Power system main characteristics
The Brazilian Interconnected Power System is a multi-owned hydrothermal system with an installed capacity of 122,100 MW, which supplies an energy market of 541 TWh, with a peak demand reaching 85.7 GW (2014 figures).
Hydro generation is dominant, accounting for 72.4% of the installed capacity. Non-conventional renewable generation – wind and sugarcane bagasse – raise the proportion of clean energy in the system to 81.6%.
The transmission grid has an extension of 125,600 km of lines at voltages of 230 kV and above. Long distance lines connect far away generation to the major load centers near the coast and interconnect geographical regions and river basins, thus allowing safety of supply and optimization in the use of the available resources.
ONS – Operador Nacional do Sistema Elétrico – is a private non-profit organization, responsible for the operation of the generation plants and the transmission grid. Without having the ownership of any asset in the system, ONS takes decisions aiming at a reliable power supply, at minimum cost.

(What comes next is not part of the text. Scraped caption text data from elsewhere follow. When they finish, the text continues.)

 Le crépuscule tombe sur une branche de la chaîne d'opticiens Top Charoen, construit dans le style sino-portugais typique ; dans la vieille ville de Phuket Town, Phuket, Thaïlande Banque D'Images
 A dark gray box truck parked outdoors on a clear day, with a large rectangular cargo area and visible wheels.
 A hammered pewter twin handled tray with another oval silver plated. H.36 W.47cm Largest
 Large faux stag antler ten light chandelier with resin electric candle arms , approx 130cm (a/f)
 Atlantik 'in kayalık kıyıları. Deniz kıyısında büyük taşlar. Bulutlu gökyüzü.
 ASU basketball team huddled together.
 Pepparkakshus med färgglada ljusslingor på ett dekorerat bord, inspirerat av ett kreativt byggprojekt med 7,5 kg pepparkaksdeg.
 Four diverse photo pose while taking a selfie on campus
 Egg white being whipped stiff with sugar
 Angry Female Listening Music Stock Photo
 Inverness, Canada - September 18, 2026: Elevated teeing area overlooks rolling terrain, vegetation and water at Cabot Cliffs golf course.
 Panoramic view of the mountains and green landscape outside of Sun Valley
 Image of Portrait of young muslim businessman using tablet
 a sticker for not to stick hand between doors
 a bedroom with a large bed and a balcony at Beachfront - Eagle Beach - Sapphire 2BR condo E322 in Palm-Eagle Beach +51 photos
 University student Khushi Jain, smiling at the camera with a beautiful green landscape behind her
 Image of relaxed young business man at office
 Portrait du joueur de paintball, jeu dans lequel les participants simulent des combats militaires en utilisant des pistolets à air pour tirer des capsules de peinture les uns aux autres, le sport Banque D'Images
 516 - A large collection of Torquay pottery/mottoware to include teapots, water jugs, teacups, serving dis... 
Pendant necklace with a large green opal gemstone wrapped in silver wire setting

Major incidents & preventive measures
The energy shortage
From June’2001 to February’2002, the Brazilian consumers faced an energy rationing, in which their consumption had to be voluntarily reduced by 20%, as a consequence of low inflows and delays of expansion plans.
After that episode, ONS improved its operations planning procedures in order to increase the preventive dispatch of thermal generation, in addition to what is recommended by optimization models. On the other hand, the government created the Power Sector Monitoring Committee, with the objective of analyzing permanently power supply conditions in the country.
The power blackouts
The most recent large disturbance in Brazil occurred on February 4th, 2011. It started in the Northeastern region and was provoked by the accidental operation of one breaker failure protection. During the restoration process, a new accidental failure occurred and disconnected one important substation, with the opening of several 500 kV transmission lines. This started an oscillatory process leading to the disconnection of 83% of the Northeastern load (7400 MW). A complete separation between this region and the Northern and the Southeastern regions also occurred. 40 million consumers in eight states were affected for 3.3 hours.
Since this disturbance ONS has reinforced several measures to minimize the occurrence of blackouts, to reduce their impact and to speed up the load restoration process.